Of the characters you have created or envisioned, which is your favorite & why?
I like Gary. He is patterned after my grandson with a little embellishment.
Do you favor one type of genre or do you dabble in more than one?
I like to say I write about life, but romance seems to sneak in as well.
Do you plan your stories, or are you a seat of the pants style writer?
Strictly seat of the pants. I love my writing club the nights they give three or four prompts and give us an hour to come up with a short story about one of them.
What is your best marketing tip?
Find someone you can trust to lead you along the way.
Do you find social media a great tool or a hindrance?
Social Media is a great help. I post my short stories on there and judge form the feedback.
What do you enjoy most about writing?
It takes me into a different world, not necessarily better but different.
What age did you start writing stories/poems?
I think before I was a teenager I would ride my bicycle up on a hill overlooking the entry to my city and study the vehicles and write stories about what I thought they were doing in the city or where they were going when leaving.
Has your genre changed or stayed the same?
I think it has remained the same.
What genre are you currently reading?
That is one of my hindrances as a writer, I read very little.
Do you read for pleasure or research or both?
When I do read it is for pleasure.
Who is your best supporter/mentor/encourager?
I would have to say the members of my writing club give me the boost I need.
Where is your favorite writing space?
Tim Hortons. As I dabble on the laptop I watch the people around me and incorporate characteristics I see.

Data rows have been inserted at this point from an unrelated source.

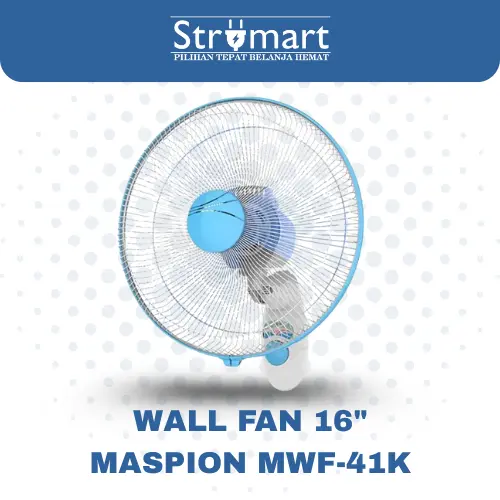 Kipas Angin Dinding 16" Maspion MWF-41K/NETTO
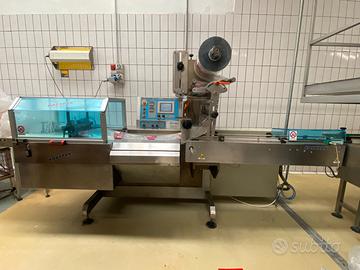 Confezionatrice flowpack box motion automatica atm
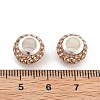 Rondelle Polymer Clay European Beads FIND-U001-01C-2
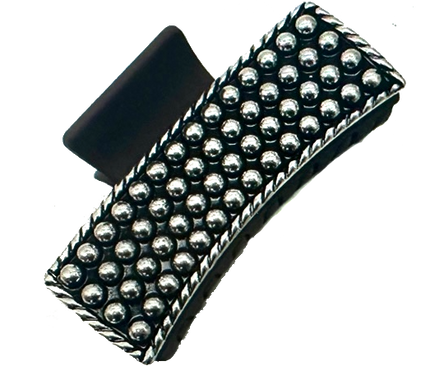 WESTERN BUBBLE METAL HAIR CLAW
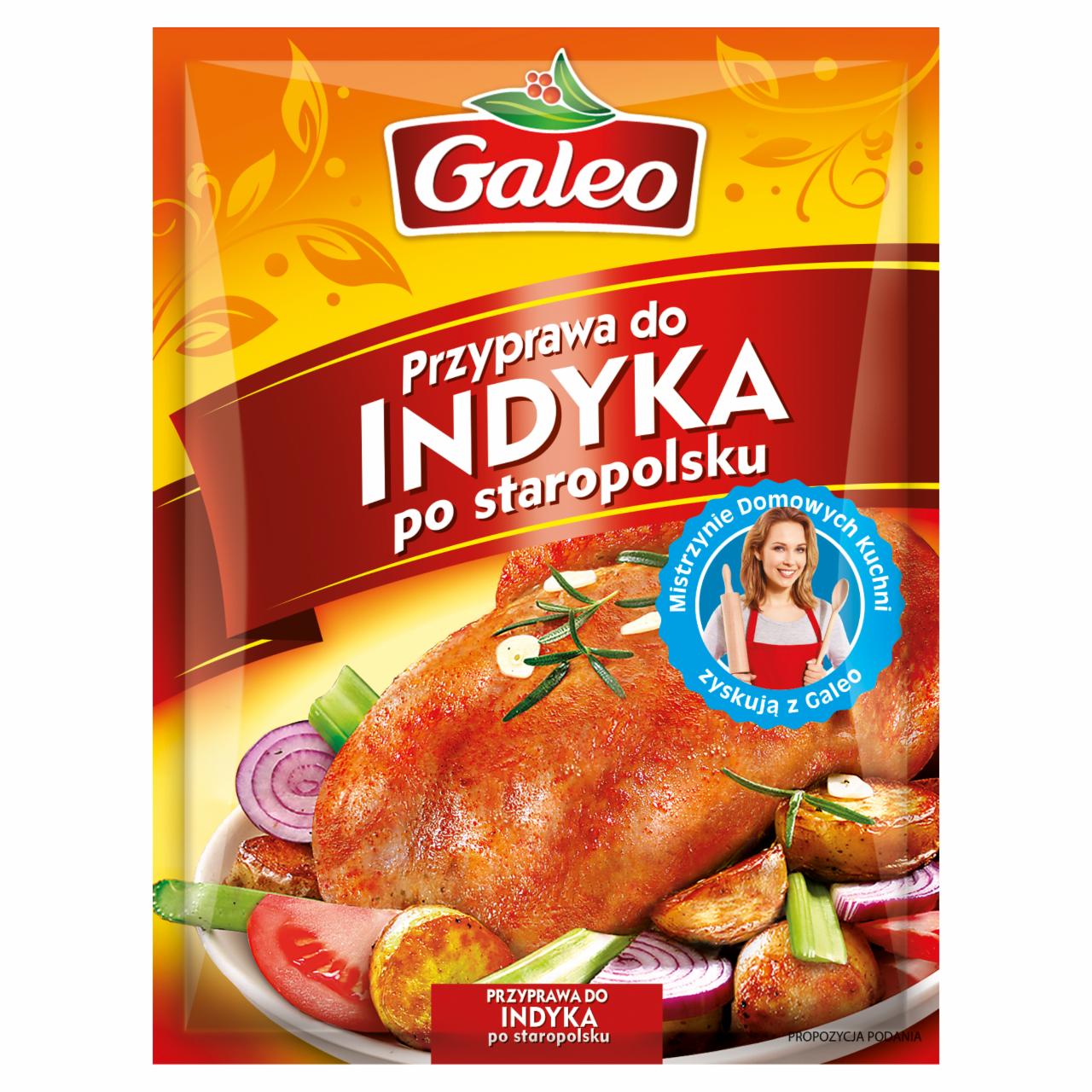 Zdjęcia - Galeo Przyprawa do indyka po staropolsku 20 g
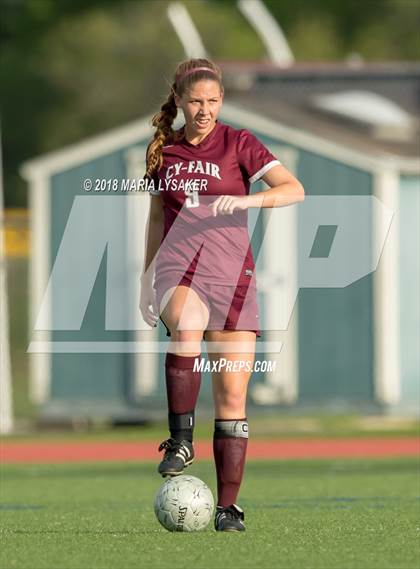 Thumbnail 1 in Cy-Fair @ Cinco Ranch (UIL 6A Area Playoffs) photogallery.
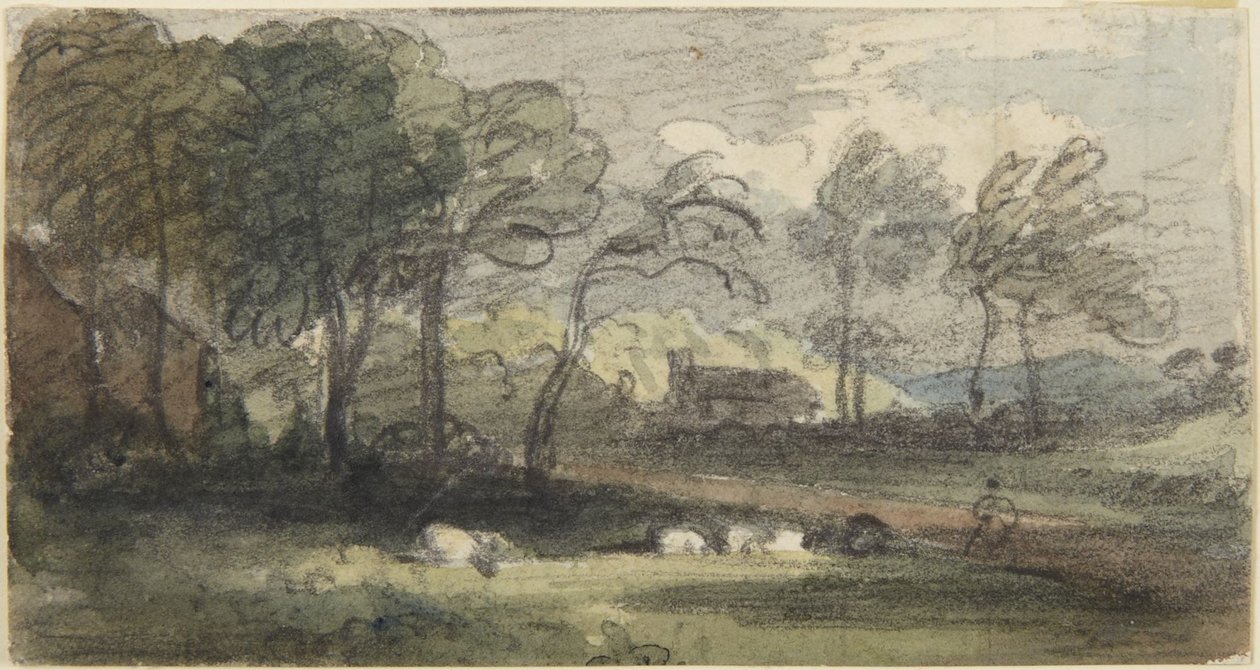 Paysage - John Varley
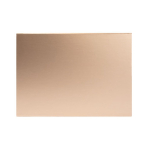 Zelf in elkaar te zetten geschenkdoos met magnetische sluiting kleur goud tweede weergave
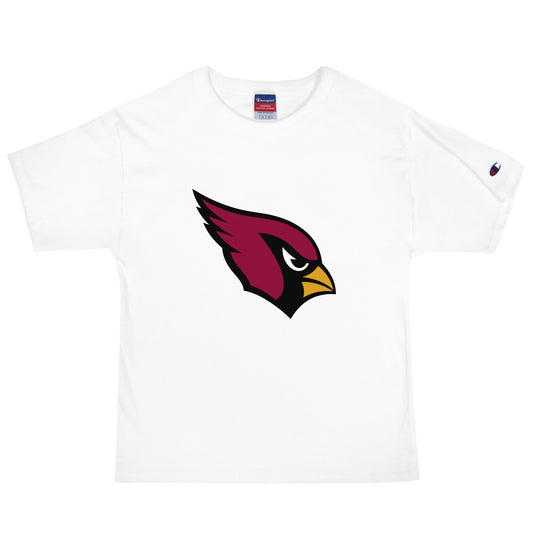 Signature | Champion T-Shirt | Lowell W Lacrosse | Redwing Mascot Logo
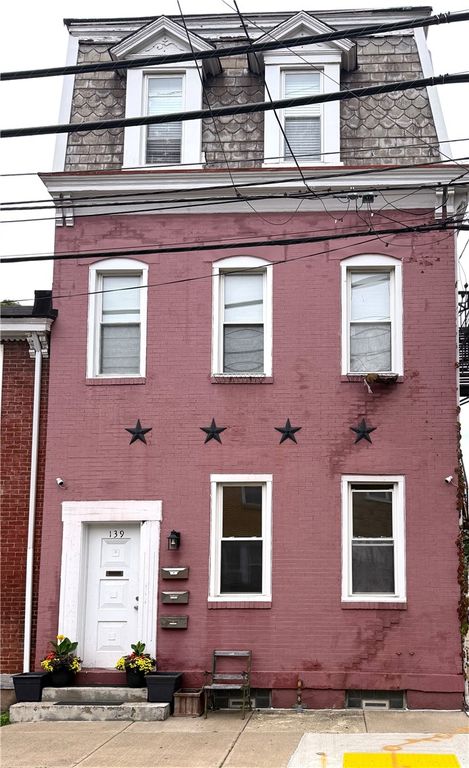 139 S 17 1, South Side, PA 15203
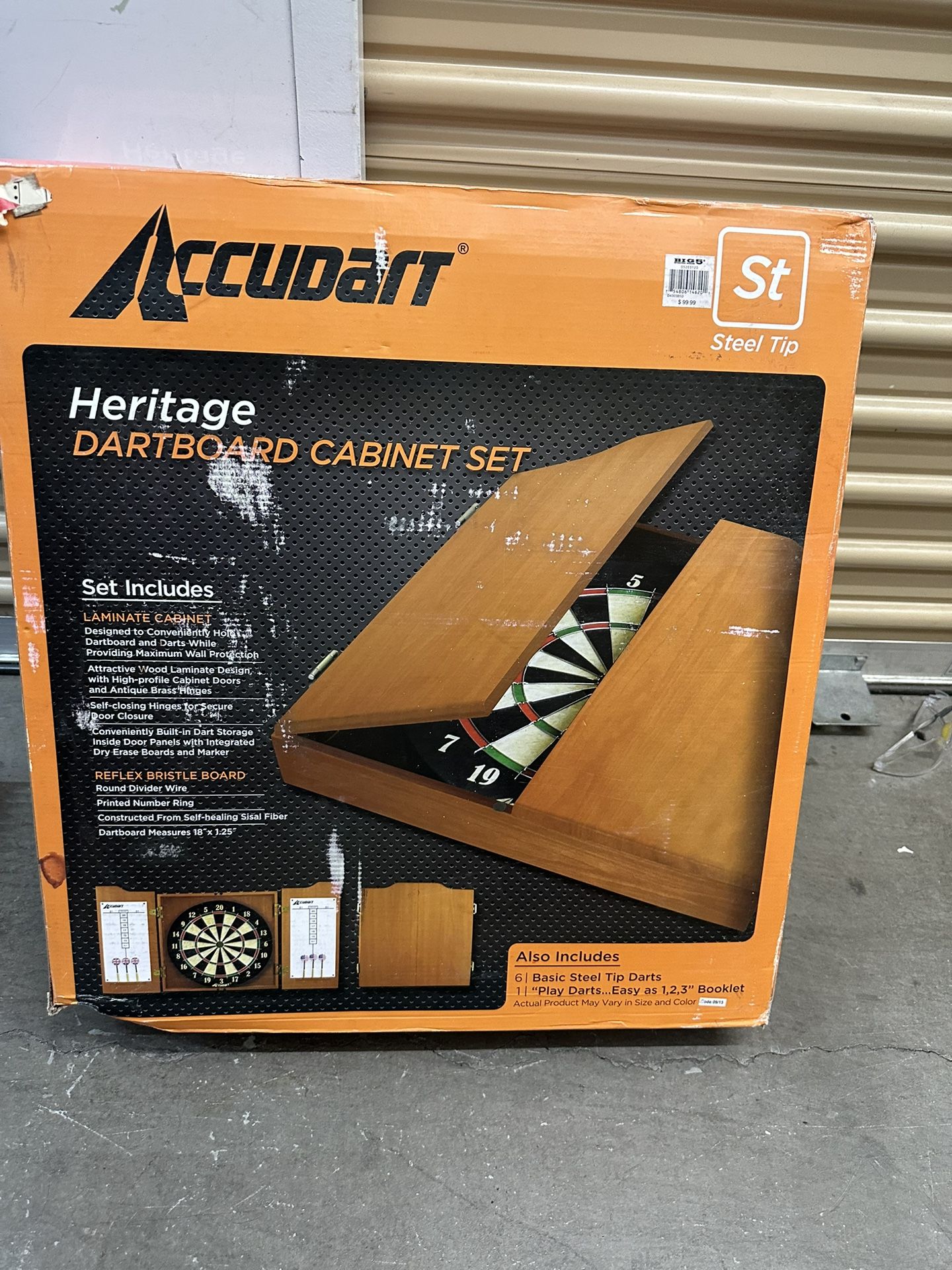 Dart Board Set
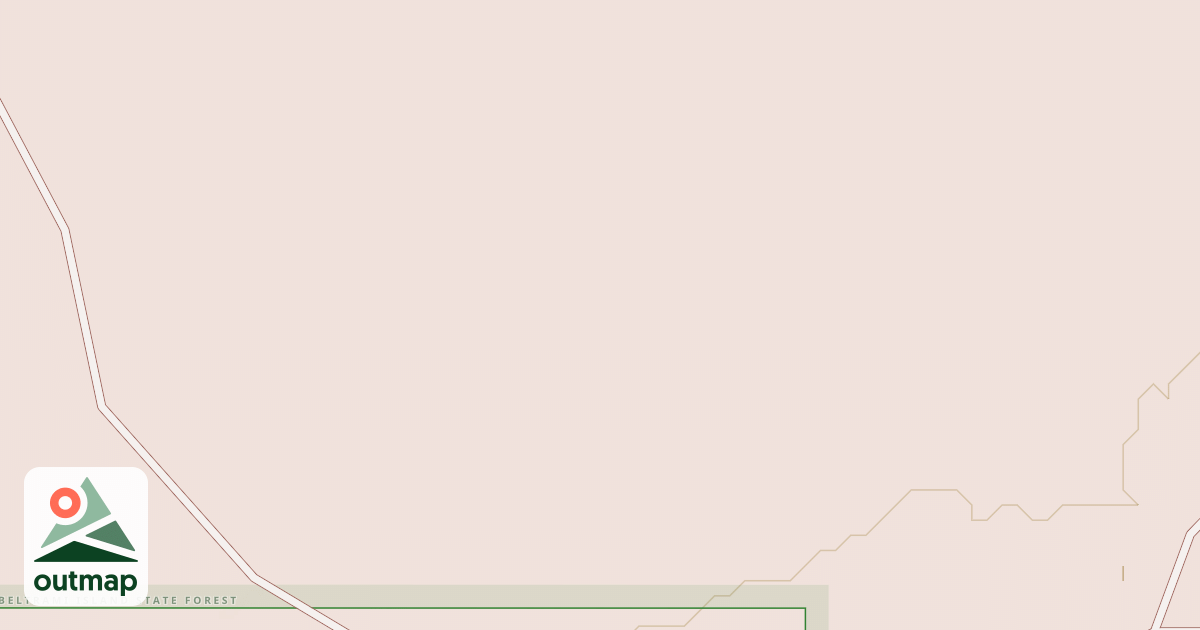 Map of Bemis Hill Trails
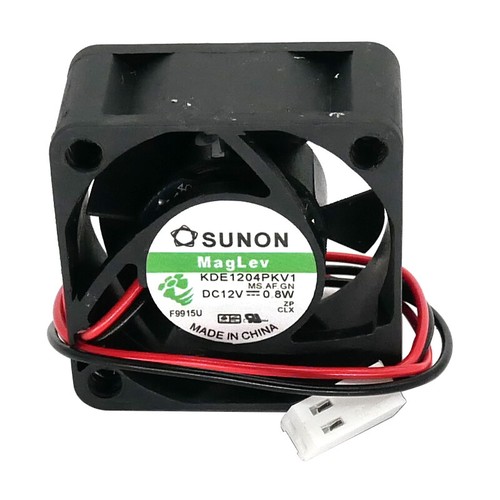 SUNON Maglev KDE1204PKV1 4020 40mm x 20mm Kühler Kühlgebläse 12V 0,8W 2Pin B159a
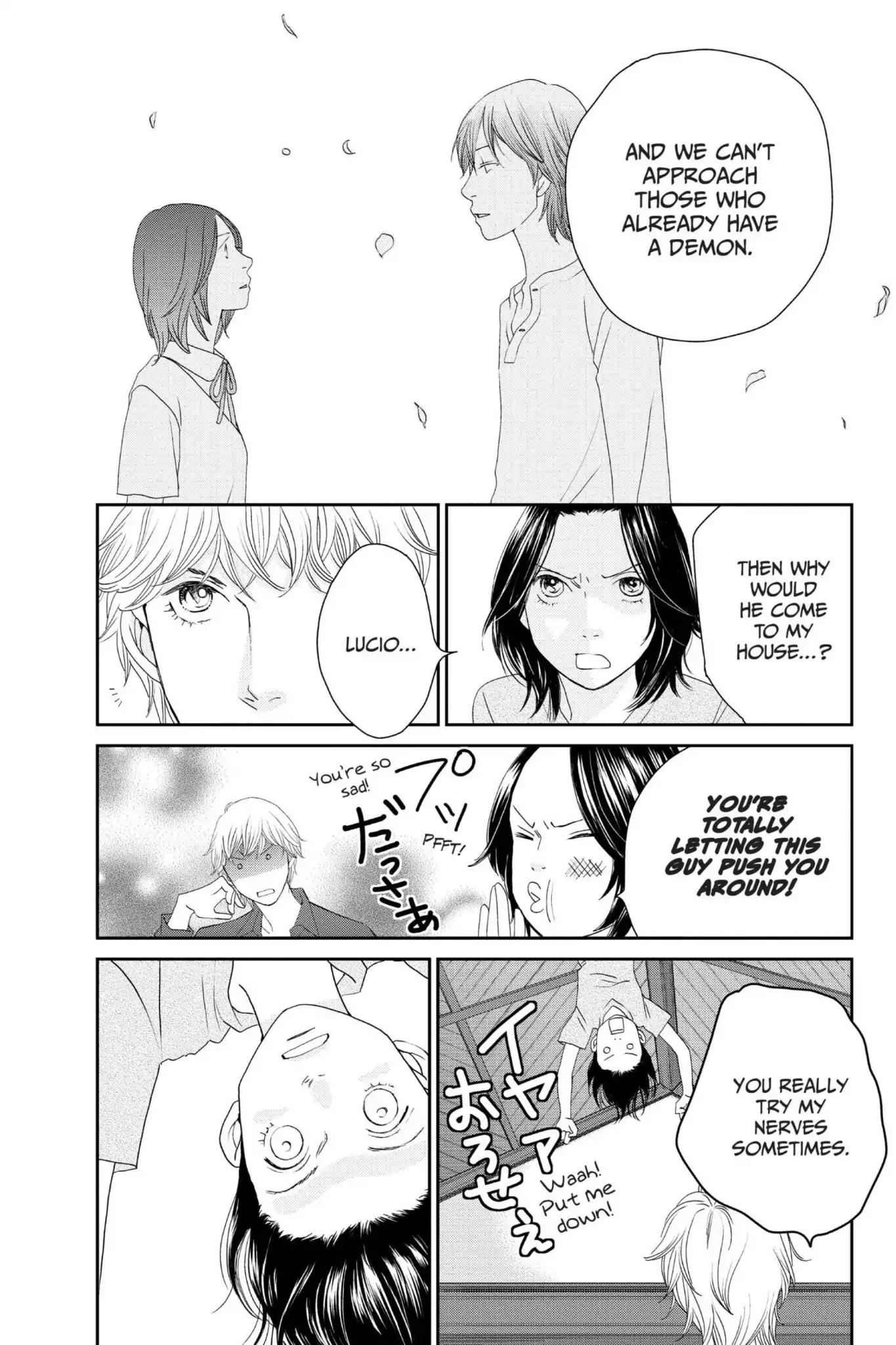 Ibara no Kanmuri Chapter 6 page 4 - Chapter 6: Vol.1 Case6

Do you belong to a writing group? If so which one?
I belong to River Bottom Writing Club in Lethbridge
If you could meet one favorite author, who would it be and why?
Sorry, no favorite.
If you could live anywhere in the world – where would it be?
Right where I live. My grandchildren are only a few miles away but also the people of Lethbridge are so diverse it gives me lots of content for my stories.
Do you see writing as a career?
Well, at 70 years old I think my career stage is over. However, I did work for several years as a newspaper journalist but found that type of writing not to my liking.
Do you nibble as you write? If so what’s your favorite snack food?
Tim Horton coffee and a Boston Cream donut. At home it is Coke and Werthers Candies.
What reward do you give yourself for making a deadline?
I hate deadlines. I just like to see a finished copy, if there is any such thing as a finished copy.
Bryan L. Beerling lives in Lethbridge, AB with his wife. He is a member of the local writer’s group, River Bottom Writers. Dirt Road is his first full-length novel.